C’est génial parce que, oui, c’est complètement différent. Le plateau est un confort même si, toutes les deux semaines, il y a des rotations d’équipes et de réalisateurs. C’est quand même un confort, on y va comme chez nous, on connait la plupart des gens, on est en studio, on connait notre entourage et on travaille main dans la main avec le réalisateur. Quand on est sur scène, c’est différent tous les soirs. Tous les soirs, le public change donc toute l’énergie change. Tous les soirs, j’ai le trac avant de monter sur scène. Il y a cette excitation justement de l’inconnu, de ne pas savoir comment ça va se passer. Sur scène, on se met à nu, on se met en danger, on est là les uns pour les autres, pour s’entraider, il y a une énergie totalement différente et c’est très complémentaire. Pouvoir toucher aux deux est une bonne chose, le théâtre nous sort de notre zone de confort et ça nous propulse devant le public, en live, avec une réaction immédiate. On ressent cette énergie de suite et on voit si ça marche ou pas, c’est vraiment intéressant comme travail, j’aime beaucoup. Je ne peux vraiment pas faire de comparaison entre les deux, c’est vraiment différent, ça ne se compare pas en fait mais c’est complémentaire !
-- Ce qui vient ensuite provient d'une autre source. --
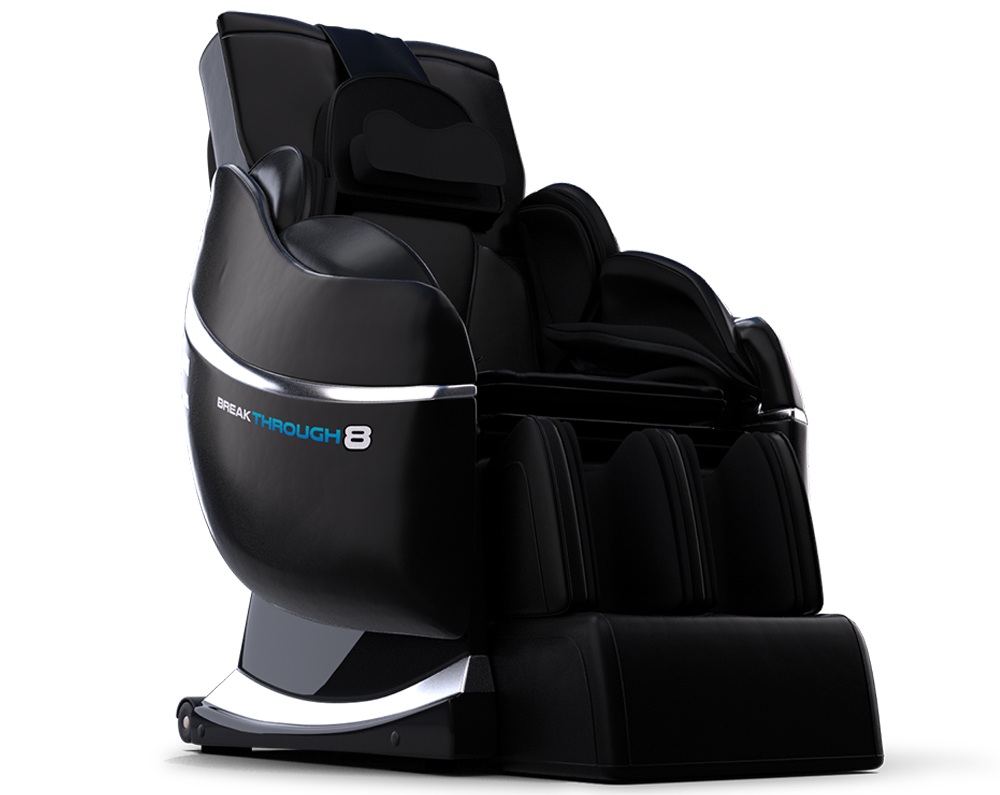 Medical Breakthrough 8 Massage Chairs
Un mot sur le pitch et sur votre personnage ?

Je suis la femme du premier ministre, c’est bien entendu une comédie. On part le week-end dans notre maison de campagne, on est censés se reposer pendant deux jours sans recevoir personne. Mais, en fait, il y a un député qui arrive avec une proposition indécente et des papiers compromettants contre mon mari. Donc tout part en vrille et c’est là où on se demande si des hommes politiques, avec leur pouvoir, avec leur stature, peuvent vraiment rester honnêtes. A un moment donné, est-ce que chacun n’en sait pas un peu trop sur la vie de l’autre ? Surtout quand on tente avec la puissance et le pouvoir de marchander certaines choses ? Voilà, c’est une comédie où beaucoup d’actualités sont injectées dans le spectacle chaque semaine. C’est vraiment pour se détendre et se décontracter, afin de passer un bon moment. On va partir en tournée mais on n’a pas encore les dates, ce sera pour la fin de l’année ou le début de l’année prochaine.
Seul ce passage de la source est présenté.